DRINKS: Gurpreet’s is both licensed and BYO. I suggest you buy the house beers (which include both Indian and local brands), but bring your own wine (because the restaurant wines are relatively expensive — this is true of all restaurants because the licence to sell alcohol is very expensive!). A large variety of both Indian and local non-alcoholic drinks are available. Also, there is a bottle shop with a large range of beers and wines just around the corner from the restaurant (= the only surviving licensed element of what used to be the Main Town Hotel), so if necessary additional drinks can be purchased there.

MENU: Some of you I know have dietary restrictions. Hence I suggest that those persons order their main course(s) separately, while the rest of us share the Banquet Menu. Anyone who doesn’t want to share in the banquet menu can order separately. I have already discussed this suggestion regarding the menu with the proprietor and that is OK with her.

RESTAURANT CONTACT DETAILS: In case anyone has last minute problems with attending the get-together or arriving there on time and need to alert the restaurant, it’s landline’s and mobile numbers are: Landline: 5555-5555; Mobile: 0413-555-555

Proprietor: Shivani Singh (= Gurpreet’s wife; she usually now looks after the Anytown restaurant and her husband [Gurpreet] and their two sons [Deepak and Vikas] look after their other restaurant at Highline Harbour and at their Function Centre at Congress; I don’t know whether Gurpreet and/or either of his sons will be at the Anytown restaurant on Saturday night).

PUBLIC TRANSPORT ACCESS: Busses 41 and 57 leave from Stand A at the QVB in the Melbourne CBD and stop in Mountain Street beside the Anytown Post Office (and across the road from the bottle shop). Both these buses will return you to the Melbourne CBD from bus-stops virtually outside the restaurant.
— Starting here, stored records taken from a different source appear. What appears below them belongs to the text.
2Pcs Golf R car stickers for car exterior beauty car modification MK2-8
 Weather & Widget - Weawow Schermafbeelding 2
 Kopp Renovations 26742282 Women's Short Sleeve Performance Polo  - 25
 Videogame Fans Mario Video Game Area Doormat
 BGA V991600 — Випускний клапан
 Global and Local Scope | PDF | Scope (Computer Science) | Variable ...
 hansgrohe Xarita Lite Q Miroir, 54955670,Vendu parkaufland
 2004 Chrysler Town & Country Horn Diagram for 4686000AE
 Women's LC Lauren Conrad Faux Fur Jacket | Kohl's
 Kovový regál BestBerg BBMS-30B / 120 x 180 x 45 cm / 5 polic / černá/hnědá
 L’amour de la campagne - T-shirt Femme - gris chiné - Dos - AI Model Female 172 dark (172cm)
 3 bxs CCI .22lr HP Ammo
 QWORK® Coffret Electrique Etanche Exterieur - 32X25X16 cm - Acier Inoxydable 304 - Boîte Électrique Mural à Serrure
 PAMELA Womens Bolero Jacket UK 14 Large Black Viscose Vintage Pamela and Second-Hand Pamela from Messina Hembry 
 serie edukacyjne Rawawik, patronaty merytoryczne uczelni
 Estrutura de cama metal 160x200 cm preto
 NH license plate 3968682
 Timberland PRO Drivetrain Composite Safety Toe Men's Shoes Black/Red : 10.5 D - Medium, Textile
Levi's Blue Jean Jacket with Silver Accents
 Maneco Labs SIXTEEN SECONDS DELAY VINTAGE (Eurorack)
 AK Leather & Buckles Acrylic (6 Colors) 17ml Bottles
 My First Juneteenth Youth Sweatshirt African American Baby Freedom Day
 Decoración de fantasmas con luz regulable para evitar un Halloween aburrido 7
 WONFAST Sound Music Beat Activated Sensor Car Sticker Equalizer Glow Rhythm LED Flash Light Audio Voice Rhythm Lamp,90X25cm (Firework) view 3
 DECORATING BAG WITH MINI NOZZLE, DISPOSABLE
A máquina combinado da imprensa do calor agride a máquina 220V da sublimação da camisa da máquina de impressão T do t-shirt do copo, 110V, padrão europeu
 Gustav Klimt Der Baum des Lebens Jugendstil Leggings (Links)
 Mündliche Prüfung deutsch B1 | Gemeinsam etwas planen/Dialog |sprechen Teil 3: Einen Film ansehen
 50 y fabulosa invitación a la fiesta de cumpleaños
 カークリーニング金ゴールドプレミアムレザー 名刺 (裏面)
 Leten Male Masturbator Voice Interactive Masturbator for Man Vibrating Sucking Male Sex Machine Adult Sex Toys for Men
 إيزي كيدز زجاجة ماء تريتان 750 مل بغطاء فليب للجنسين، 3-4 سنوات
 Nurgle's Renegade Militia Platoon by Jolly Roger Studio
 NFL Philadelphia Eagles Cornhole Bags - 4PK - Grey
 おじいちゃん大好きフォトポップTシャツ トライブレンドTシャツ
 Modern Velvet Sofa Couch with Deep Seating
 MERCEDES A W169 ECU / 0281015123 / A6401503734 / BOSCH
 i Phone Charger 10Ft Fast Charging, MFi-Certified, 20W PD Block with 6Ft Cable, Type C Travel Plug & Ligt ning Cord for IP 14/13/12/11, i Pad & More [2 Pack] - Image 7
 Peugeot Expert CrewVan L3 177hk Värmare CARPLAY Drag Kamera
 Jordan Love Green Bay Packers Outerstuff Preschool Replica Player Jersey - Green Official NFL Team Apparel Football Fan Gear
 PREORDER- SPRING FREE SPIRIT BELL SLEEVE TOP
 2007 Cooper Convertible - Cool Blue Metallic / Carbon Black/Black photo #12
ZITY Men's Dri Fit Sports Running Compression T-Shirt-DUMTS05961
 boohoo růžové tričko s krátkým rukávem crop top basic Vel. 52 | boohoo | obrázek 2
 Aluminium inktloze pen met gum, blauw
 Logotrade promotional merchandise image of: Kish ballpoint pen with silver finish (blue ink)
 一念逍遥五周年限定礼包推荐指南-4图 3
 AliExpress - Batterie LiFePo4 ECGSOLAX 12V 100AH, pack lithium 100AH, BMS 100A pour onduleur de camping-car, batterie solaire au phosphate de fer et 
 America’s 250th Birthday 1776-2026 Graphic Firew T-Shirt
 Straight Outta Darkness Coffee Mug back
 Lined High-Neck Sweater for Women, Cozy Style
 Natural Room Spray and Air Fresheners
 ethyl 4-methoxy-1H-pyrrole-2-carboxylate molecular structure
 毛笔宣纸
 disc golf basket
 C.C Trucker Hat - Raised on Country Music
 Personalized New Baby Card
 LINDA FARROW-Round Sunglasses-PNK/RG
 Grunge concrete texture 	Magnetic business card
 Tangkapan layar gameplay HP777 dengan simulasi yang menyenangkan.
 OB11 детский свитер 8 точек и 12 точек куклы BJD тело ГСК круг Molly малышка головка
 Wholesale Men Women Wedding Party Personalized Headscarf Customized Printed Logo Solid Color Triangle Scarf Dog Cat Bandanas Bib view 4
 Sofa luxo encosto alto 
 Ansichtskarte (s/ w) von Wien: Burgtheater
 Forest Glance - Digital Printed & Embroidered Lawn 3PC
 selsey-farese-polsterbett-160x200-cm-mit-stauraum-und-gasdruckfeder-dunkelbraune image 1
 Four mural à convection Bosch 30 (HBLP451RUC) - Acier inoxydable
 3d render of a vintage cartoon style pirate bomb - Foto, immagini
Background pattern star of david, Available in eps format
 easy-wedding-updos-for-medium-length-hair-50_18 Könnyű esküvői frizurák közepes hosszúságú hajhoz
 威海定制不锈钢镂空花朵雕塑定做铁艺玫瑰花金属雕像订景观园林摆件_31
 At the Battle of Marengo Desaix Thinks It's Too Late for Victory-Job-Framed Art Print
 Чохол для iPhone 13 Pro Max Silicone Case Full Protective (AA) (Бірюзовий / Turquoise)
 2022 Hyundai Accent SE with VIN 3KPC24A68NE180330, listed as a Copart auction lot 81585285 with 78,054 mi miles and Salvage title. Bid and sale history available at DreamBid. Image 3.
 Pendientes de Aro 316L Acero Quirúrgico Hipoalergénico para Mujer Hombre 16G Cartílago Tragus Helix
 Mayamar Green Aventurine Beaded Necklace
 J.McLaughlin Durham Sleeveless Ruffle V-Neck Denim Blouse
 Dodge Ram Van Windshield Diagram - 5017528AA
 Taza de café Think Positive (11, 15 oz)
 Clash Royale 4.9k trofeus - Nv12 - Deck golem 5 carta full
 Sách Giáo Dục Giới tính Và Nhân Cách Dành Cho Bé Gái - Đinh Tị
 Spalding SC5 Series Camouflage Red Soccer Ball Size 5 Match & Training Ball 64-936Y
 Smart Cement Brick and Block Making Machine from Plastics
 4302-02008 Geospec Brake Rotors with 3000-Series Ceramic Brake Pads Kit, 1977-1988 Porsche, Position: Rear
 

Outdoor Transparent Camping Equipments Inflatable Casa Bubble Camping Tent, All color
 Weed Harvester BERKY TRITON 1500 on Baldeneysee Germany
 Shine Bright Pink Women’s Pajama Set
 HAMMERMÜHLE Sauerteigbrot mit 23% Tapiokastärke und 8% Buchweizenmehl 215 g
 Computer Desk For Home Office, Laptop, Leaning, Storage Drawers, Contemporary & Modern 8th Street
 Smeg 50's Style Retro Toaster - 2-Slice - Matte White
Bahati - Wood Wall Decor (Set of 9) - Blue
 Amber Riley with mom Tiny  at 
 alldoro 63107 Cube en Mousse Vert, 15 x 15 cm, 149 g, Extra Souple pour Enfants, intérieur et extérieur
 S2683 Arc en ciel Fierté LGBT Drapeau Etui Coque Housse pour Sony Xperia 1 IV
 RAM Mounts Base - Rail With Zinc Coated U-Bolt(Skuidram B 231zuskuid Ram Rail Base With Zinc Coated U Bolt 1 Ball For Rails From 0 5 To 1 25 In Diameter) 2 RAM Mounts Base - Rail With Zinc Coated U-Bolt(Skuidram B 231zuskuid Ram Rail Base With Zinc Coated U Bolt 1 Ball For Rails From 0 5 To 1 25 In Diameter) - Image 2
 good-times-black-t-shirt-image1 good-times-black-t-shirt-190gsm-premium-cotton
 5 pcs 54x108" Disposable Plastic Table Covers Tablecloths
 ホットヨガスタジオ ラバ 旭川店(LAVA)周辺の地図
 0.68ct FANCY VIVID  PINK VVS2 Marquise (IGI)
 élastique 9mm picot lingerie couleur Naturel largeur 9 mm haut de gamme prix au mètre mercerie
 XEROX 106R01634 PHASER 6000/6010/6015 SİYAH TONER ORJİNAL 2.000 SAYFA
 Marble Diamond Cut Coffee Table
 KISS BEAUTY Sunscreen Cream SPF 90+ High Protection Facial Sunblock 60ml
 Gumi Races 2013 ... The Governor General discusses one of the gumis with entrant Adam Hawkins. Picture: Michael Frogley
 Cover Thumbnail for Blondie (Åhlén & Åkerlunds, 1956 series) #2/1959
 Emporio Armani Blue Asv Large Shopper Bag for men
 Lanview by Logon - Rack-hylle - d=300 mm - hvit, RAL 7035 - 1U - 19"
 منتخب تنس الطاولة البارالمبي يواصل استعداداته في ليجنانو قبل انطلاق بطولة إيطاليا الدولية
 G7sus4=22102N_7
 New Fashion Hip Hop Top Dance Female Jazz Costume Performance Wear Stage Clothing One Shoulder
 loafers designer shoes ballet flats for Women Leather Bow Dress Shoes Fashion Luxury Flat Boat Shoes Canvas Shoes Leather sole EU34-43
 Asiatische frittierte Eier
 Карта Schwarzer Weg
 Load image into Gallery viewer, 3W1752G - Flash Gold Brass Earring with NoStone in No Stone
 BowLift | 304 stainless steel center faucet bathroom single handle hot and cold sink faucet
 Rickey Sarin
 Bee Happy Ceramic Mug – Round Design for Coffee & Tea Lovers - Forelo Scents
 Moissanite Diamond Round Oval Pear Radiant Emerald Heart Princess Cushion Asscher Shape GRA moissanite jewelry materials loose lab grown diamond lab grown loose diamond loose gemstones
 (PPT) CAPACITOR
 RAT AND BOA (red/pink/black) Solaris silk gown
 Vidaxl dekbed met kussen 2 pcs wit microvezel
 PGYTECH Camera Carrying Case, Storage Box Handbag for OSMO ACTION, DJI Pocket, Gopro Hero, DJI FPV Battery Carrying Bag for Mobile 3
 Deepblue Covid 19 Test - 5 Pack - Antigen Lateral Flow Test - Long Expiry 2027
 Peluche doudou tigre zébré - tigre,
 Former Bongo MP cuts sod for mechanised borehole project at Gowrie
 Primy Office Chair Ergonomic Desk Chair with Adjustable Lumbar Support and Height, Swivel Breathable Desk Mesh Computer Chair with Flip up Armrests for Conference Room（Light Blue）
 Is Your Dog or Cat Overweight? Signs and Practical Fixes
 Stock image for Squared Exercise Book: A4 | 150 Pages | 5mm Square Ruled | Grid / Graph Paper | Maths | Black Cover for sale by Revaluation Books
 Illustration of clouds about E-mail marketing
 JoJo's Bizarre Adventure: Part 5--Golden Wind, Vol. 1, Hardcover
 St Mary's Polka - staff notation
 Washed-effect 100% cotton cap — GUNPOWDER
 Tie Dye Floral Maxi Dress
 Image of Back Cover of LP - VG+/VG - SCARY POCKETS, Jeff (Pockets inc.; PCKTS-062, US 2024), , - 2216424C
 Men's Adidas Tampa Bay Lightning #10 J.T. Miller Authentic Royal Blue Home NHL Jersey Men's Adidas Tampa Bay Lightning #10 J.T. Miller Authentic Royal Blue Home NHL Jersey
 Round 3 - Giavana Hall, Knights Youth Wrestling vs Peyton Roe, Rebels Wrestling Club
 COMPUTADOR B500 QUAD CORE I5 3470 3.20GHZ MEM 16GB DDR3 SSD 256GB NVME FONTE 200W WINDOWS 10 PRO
Edited version (250 words)

Details for my 50th birthday dinner

Date and time: 6:45pm for 7:00pm, Sat 1 Dec 2018

Place: Gurpreet’s Indian Restaurant, 280 Highline St, Anytown (almost opposite the Anytown PO); 5555 5555 or 0413 555 555

Food and drinks:

  • Banquet Menu. If you have dietary restrictions, order your main course separately
  • The restaurant is licensed and BYO. Suggestion: Purchase beer there, but BYO wine. There’s a bottle shop around the corner

Parking:

  • Metered parking to 7pm along Highline St (first 30 minutes free—so you could get there at 6:30, but you must display a ticket on your dashboard)
  • Free but small parking lot on the north side of Battle St, near the junction with Highline St at Federal Square; usually 2-hour limit, but check signs as likely no limit after 6 or 7pm. Best access is if you’re driving east on Battle St
  • Free unlimited parking on all sides of MacDonald Tce between Birchbroom Rd and Roundhouse St (parallel to Highline St and one street away). Avoid if you have mobility issues as you have to walk up a hill
  • Free parking on Carton Rd (extension of MacDonald Tce). Also avoid if you have mobility issues
  • Side streets: Avoid; likely only for residents with permits.

Public transport: Take bus 41 or 57. Both depart from Stand B at the QVB and stop in Mountain St beside the Anytown PO (across the road from the bottle shop and restaurant). The bus stop for the return trip is outside the restaurant.